Tapi bukan pula yang tunduk pada semua kemauan istrinya, plin plan tak punya pendirian, tak bisa mengambil keputusan dan terlihat lemah tak punya wibawa.
Menjadi suami adalah diantara keduanya, agar dihormati dan mendapatkan tempat bernilai di hati dan pandangan istrinya. Bisa diandalkan dan pandai memberi kepastian.
Sebab jika suami lemah istrinya berubah menjadi macan, bila suami terlalu keraspun istrinya takkan nyaman. Menjadi suami adalah tentang menyeimbangkan diri dan tentang menjadi adil.
Tak lekas marah ketika istrinya berbuat yang keliru, juga tak membiarkan istri hingga dosa dan kesalahannya dilakukan terus-menerus. Tegas tapi tak kasar, lembut tapi tidak lemah.
Menjadi suami berarti berada di depan tanpa merasa lebih tahu, memimpin bukan menguasai, mengawal bukan mengamankan, membimbing dan bukan menyuruh-nyuruh.
Sebab Islam itu menyuruh lelaki memuliakan istri, bukan hanya memanjakannya.

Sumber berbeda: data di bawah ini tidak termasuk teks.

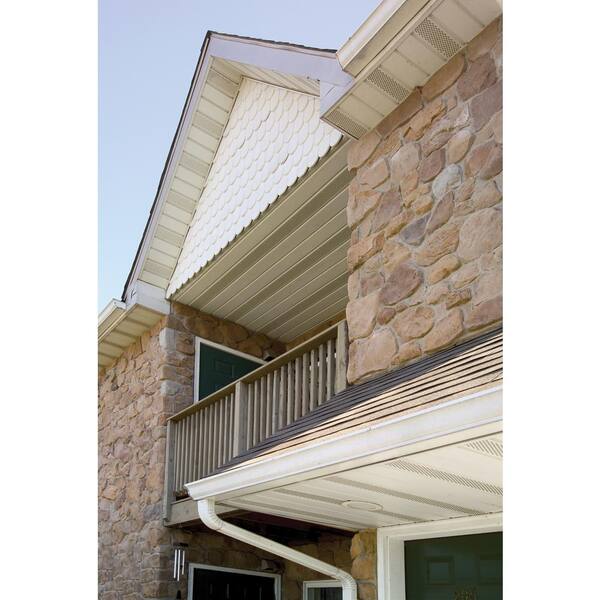 Amerimax Home Products 12 in. x 12 ft. White Aluminum D6 Vented Soffit  77102 - The Home Depot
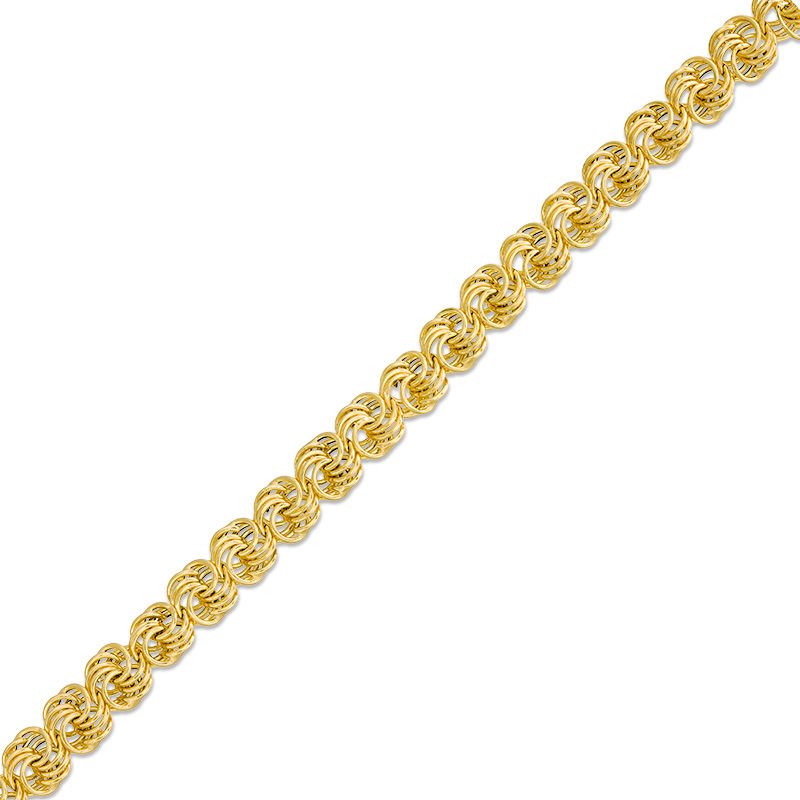 Main Image 1 of Made in Italy 070 Gauge Rosetta Chain Bracelet in 14K Gold - 7.5"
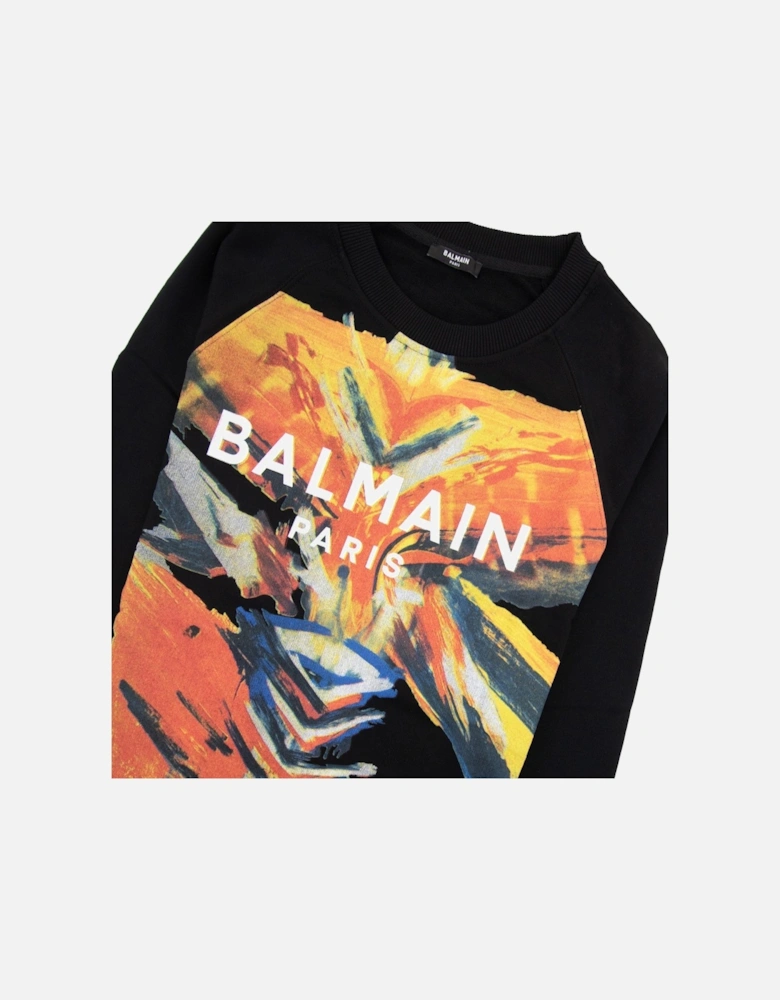 Printed Paint Logo Crewneck Sweatshirt Black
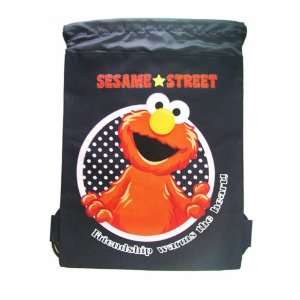  Sesame Street Elmo Draw String Backpack Bag (Black) [Toy 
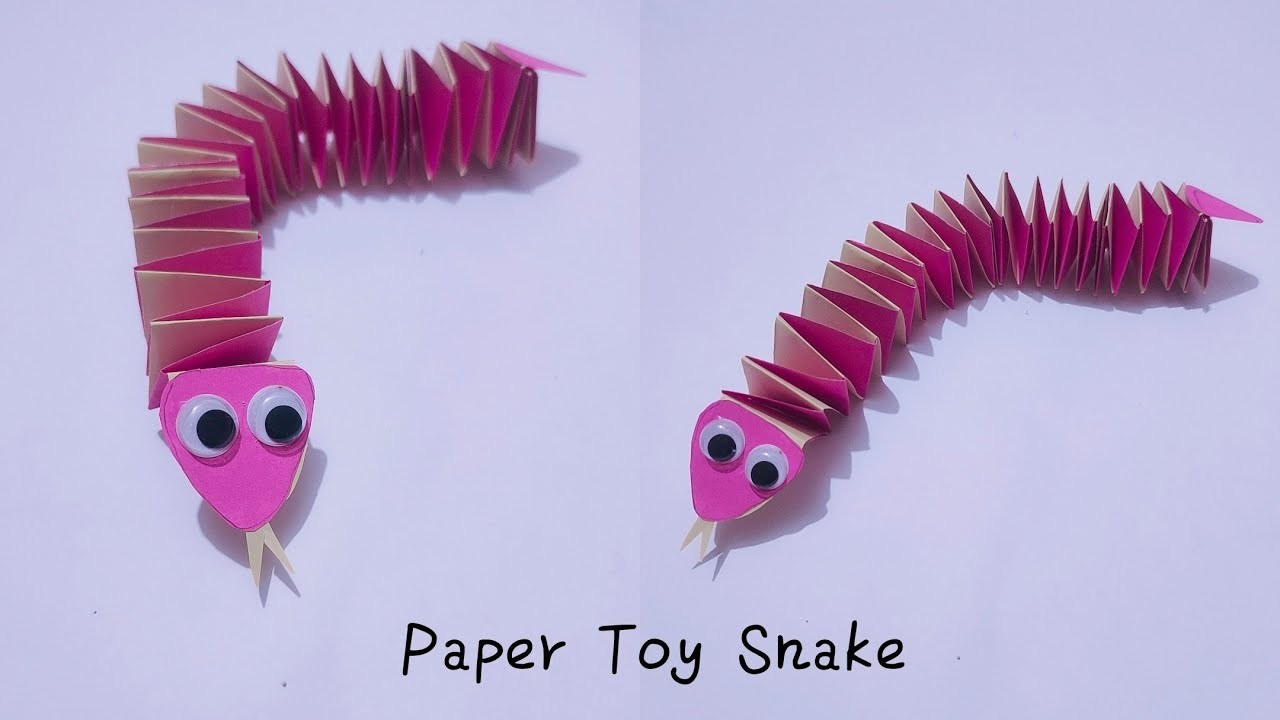 DIY paper toy | Paper snake | Origami paper crafts | Paper crafts | School crafts | Tiny life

Memuliakan itu mendidiknya hingga taat kepada Allah, sedangkan memanjakan itu membinasakan.
Dan suami terbaik bukan yang bisa menyediakan apapun yang istrinya minta, tapi yang bisa mengajak istrinya menaati Allah dengan apapun yang dia miliki.
Bila ketaatan itu sudah mewujud dalam rumah tangga, maka Allah akan turunkan sakinah yang mereka pinta, ketenangan dalam menghadapi apapun di dunia.